Близнецам едва исполнился год, когда она предложила свою кандидатуру в округе Орпингтон в Северном Кенте. Тут ее кандидатуру отклонили, но едва не приняли в Бекнеме; далее, она предлагала себя кандидатом в Ашфорде, Мейдстоне и Хемел-Хемпстеде. Оксфорд тоже отклонил ее кандидатуру. В комитетах по отбору кандидатов ей говорили, что ее подготовленность и ум произвели благоприятное впечатление, но выражали мнение, что молодой жене с малыми детьми лучше бы оставаться дома. Это приводило ее в ярость.
Ее попытки пройти в кандидаты осложнялись еще и проблемой жилья. В 1958 году, как предусматривалось, плата на снимаемую ими квартиру в Челси должна была подскочить, и Тэтчерам предстояло решить, то ли оставаться и платить высокую квартплату, то ли купить собственный дом в другом месте. Но покупать не имело смысла, покуда Маргарет не утвердят где-нибудь кандидатом. Что ее могут не избрать кандидатом или что она прекратит поиски перспективного округа — такой мысли она не допускала.
В конце концов постановление правительства о сокращении контроля над квартплатой заставило Тэтчеров решиться. Они купили дом с четырьмя спальнями на участке земли величиною почти в акр в графстве Кент, к югу от Лондона, и переехали в него из Челси. Едва только они подписали купчую, как открылась вакансия на место кандидата консерваторов в парламент от округа Финчли, к северу от Лондона. В Финчли, не в пример некоторым другим округам, придавалось значение тому, чтобы кандидат жил по крайней мере где-то поблизости от округа. Потенциальный преемник уходящего в отставку парламентария-тори, который сохранял за собой это место двадцать с лишним лет, обязательно должен был быть моложе сорока и жить не далее, чем в сорока милях, от Финчли. Маргарет было тридцать три, а ее дом в Фарнборо находился в тридцати пяти милях от Финчли. К тому времени Тэтчер стала прямо-таки профессиональной соискательницей на конкурсах претендентов при выдвижении кандидатов от консерваторов. На заседания отборочных комитетов она шла, как актриса на пробу, хладнокровно исполняя свой отработанный номер.

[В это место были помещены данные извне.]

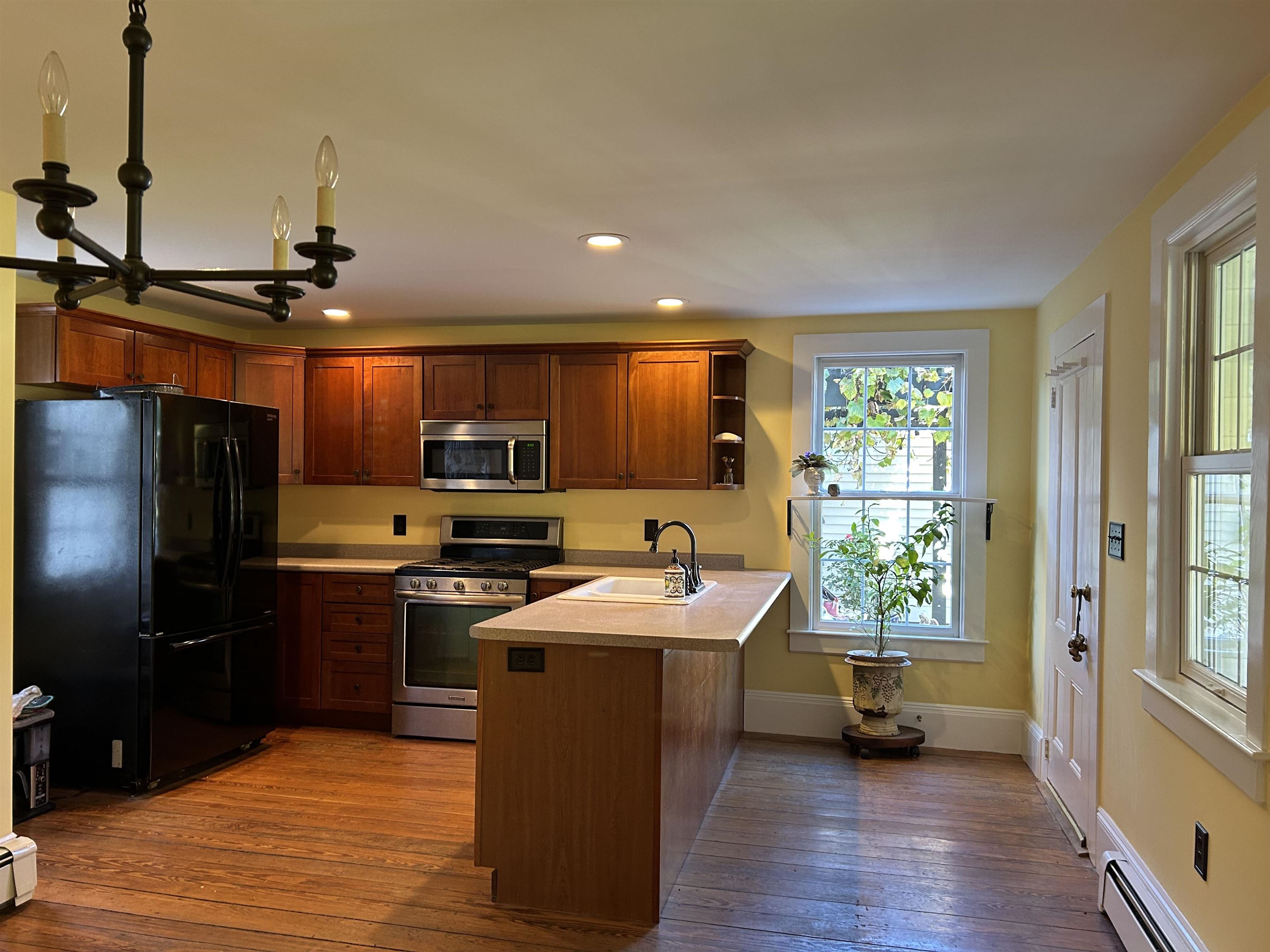 540 Ocean Road Portsmouth, NH 03801 - Photo 14 of 58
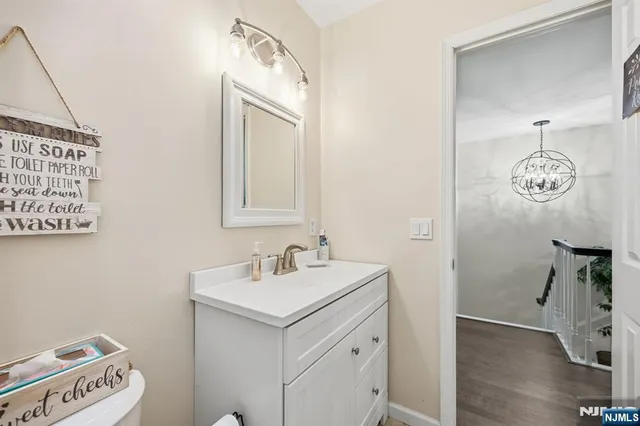 $474,900 | 12 Mountain Ridge Road, Bloomingdale, NJ 07403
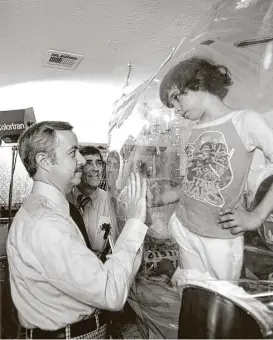  ?? Houston Chronicle file ?? Dr. William Shearer visits with his patient, “Bubble Boy” David Vetter, at Texas Children’s Hospital in 1979. David died in 1984 at age 12.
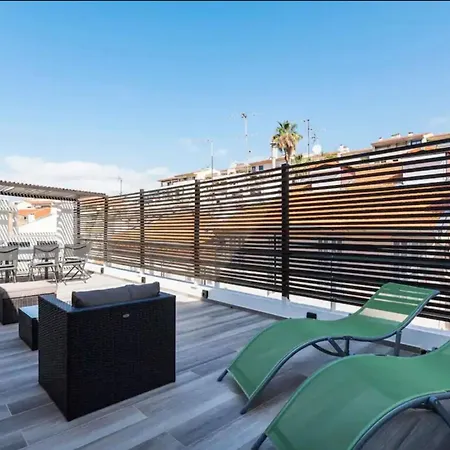 3 Bedrooms 2 Terraces In アパート *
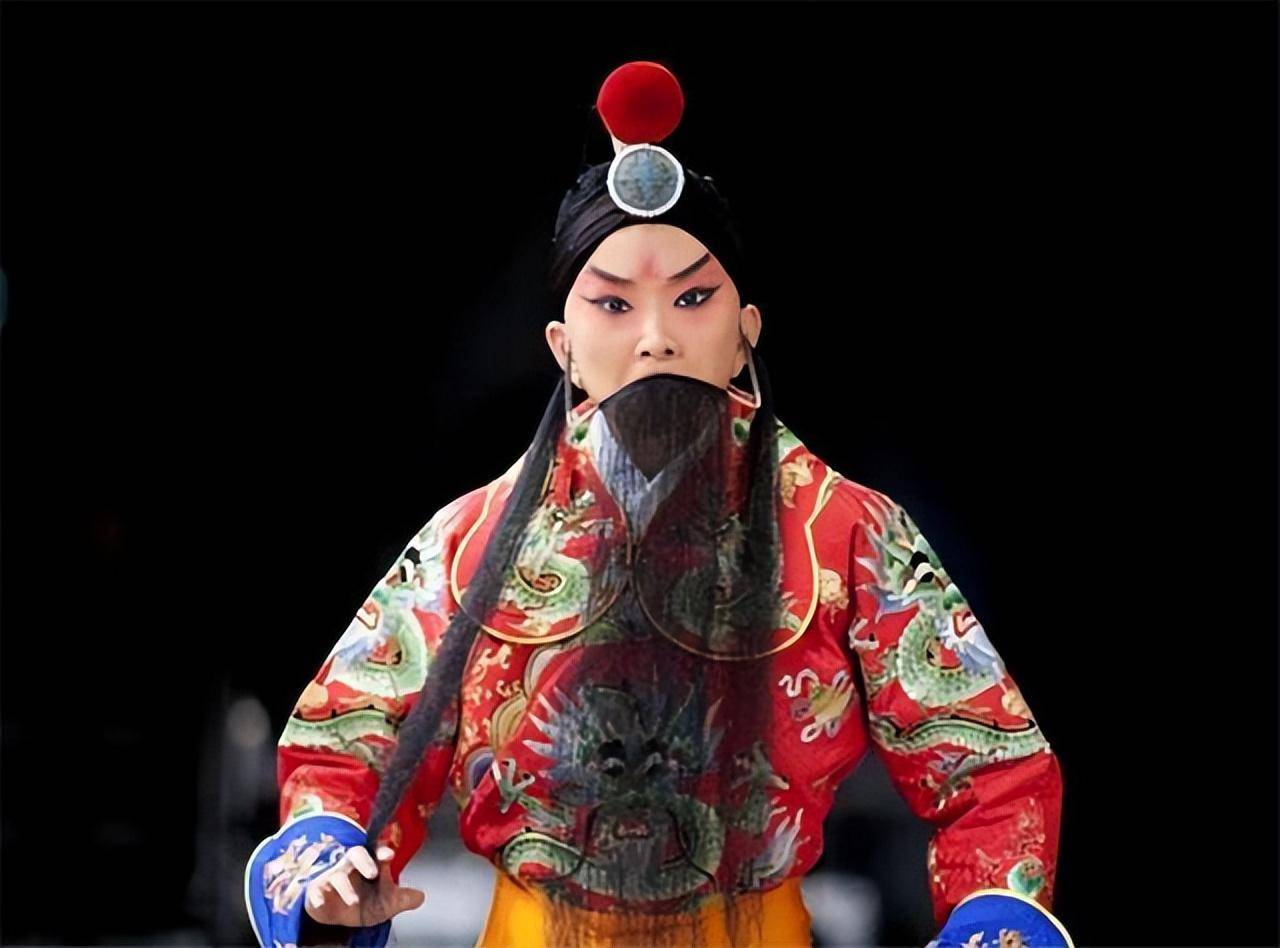 京剧名家于魁智:风光背后有艰辛,已婚之身为何总是绯闻连连?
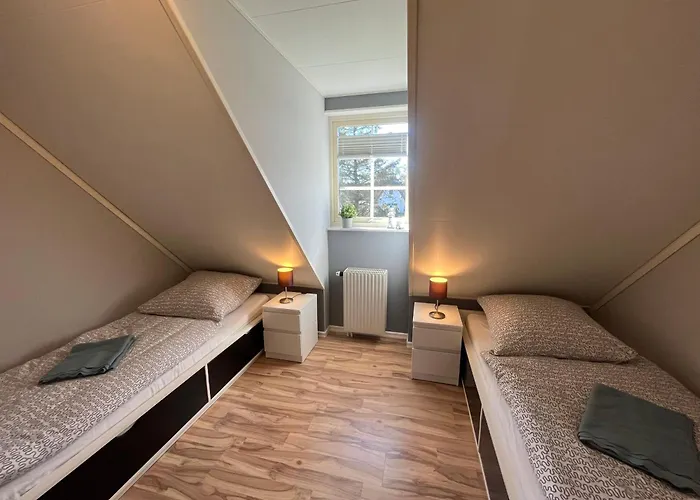 Ariosa - 4 Personen, Terrasse, Sauna, Garten Apartamento Born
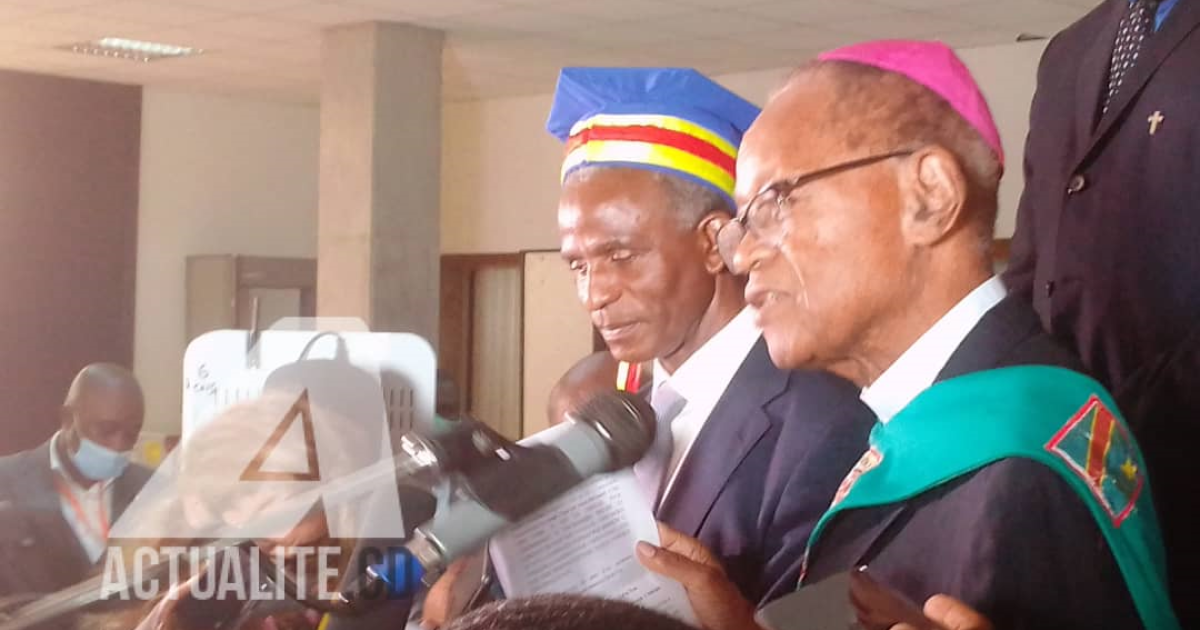 Le recteur de l’UNILU Gilbert Kishiba et Mgr Tharcisse Tshibangu après consultations présidentielles/Ph ACTUALITE.CD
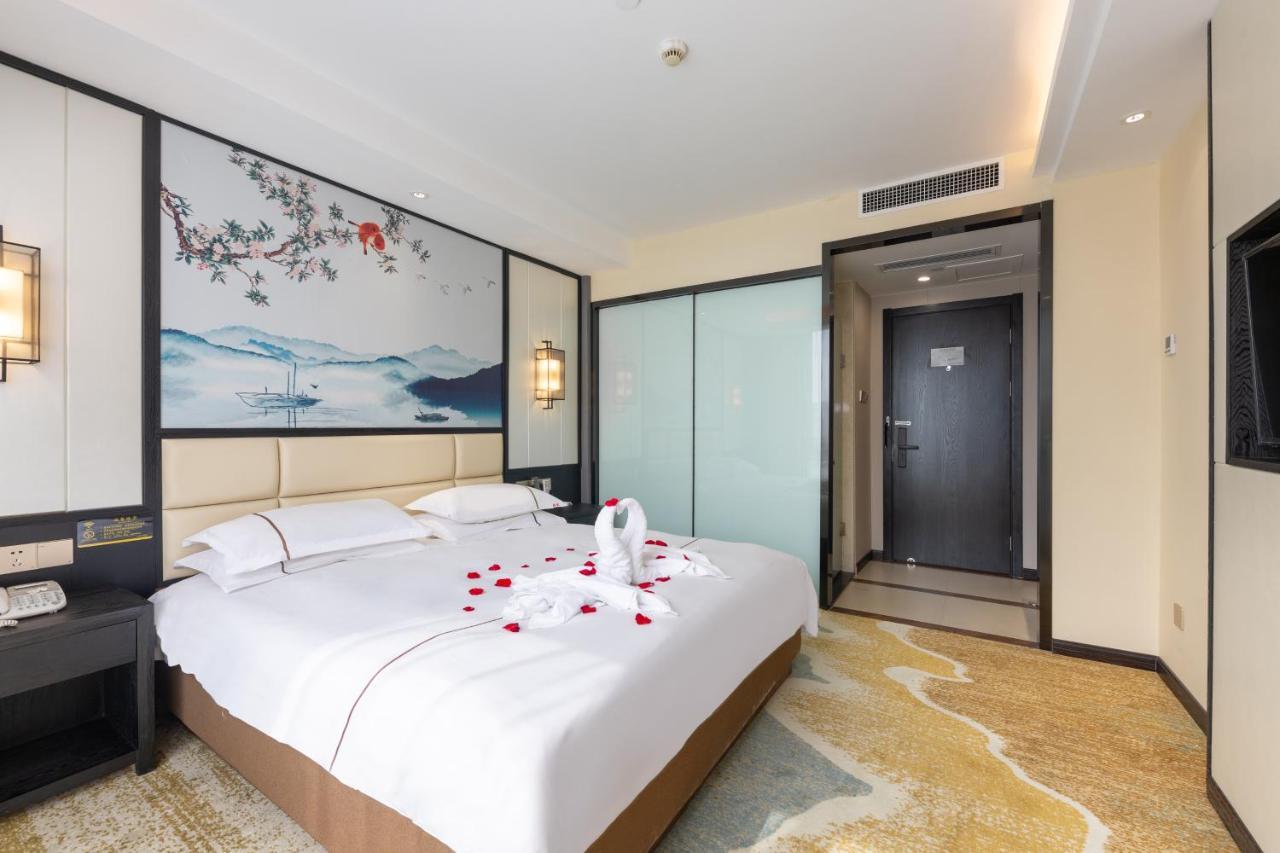 Yiwu Luckbear Hotel Экстерьер фото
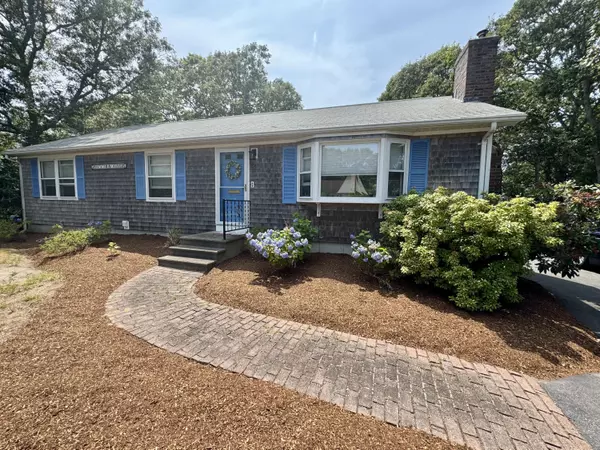 39 Pine Grove Road, South Yarmouth, MA 02664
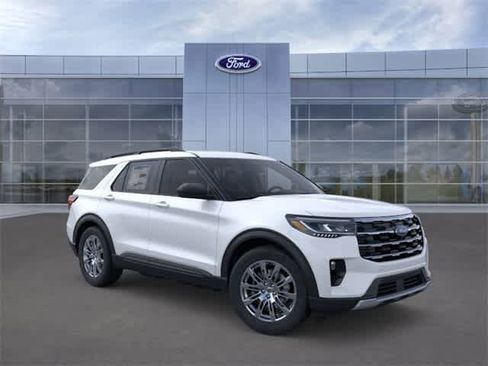 New 2026 Ford Explorer Active w/ Active Comfort Package image 7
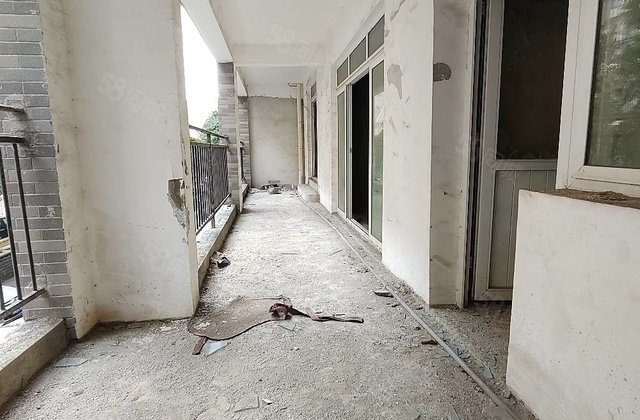 依云水畔4室2厅147㎡41.8万二手房图片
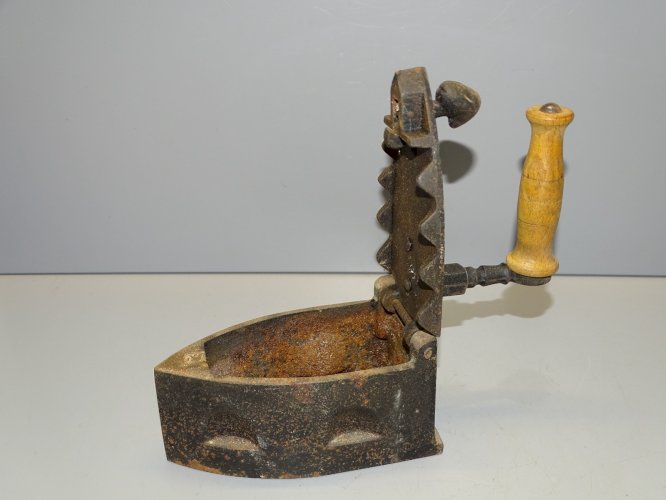 -SUPERBE PETIT FER A BRAISES en FONTE POIGNEE BOIS SORTI DE GRENIER DECO    D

Привлекательность Финчли состояла и в том, что отсюда было рукой подать до Вестминстера (где находится здание парламента), и в том, что победа на выборах была обеспечена кандидату консерваторов. На прошлых выборах кандидат тори победил тут кандидата лейбористов с перевесом более чем в 12 000 голосов. Одна беда: на это место претендовало около двухсот человек. Письменный экзамен свел количество претендентов к двадцати двум. Устная презентация Тэтчер вывела ее в число четырех финалистов, среди которых она была единственной женщиной. Судя по репортажу, помещенному в «Финчли пресс», ее выступление произвело сильное впечатление. «Говорившая без бумажки и подчеркивавшая смысл сказанного выразительными жестами, миссис Тэтчер гладко перешла к ясной оценке положения на Ближнем Востоке (после Суэца), ловко, как умелая хозяйка, отмеряющая ингредиенты по знакомому рецепту, взвесила пропагандистские маневры России, прихлопнула Насера, как муху, севшую на кухонный стол, стремительно переключилась на внутренние проблемы Англии (показав себя тонким знатоком проблематики оплаты труда и тред-юнионов), а затем уверенно развернула перед затаившими дыхание слушателями ослепительную картину будущего консервативной партии» {22}.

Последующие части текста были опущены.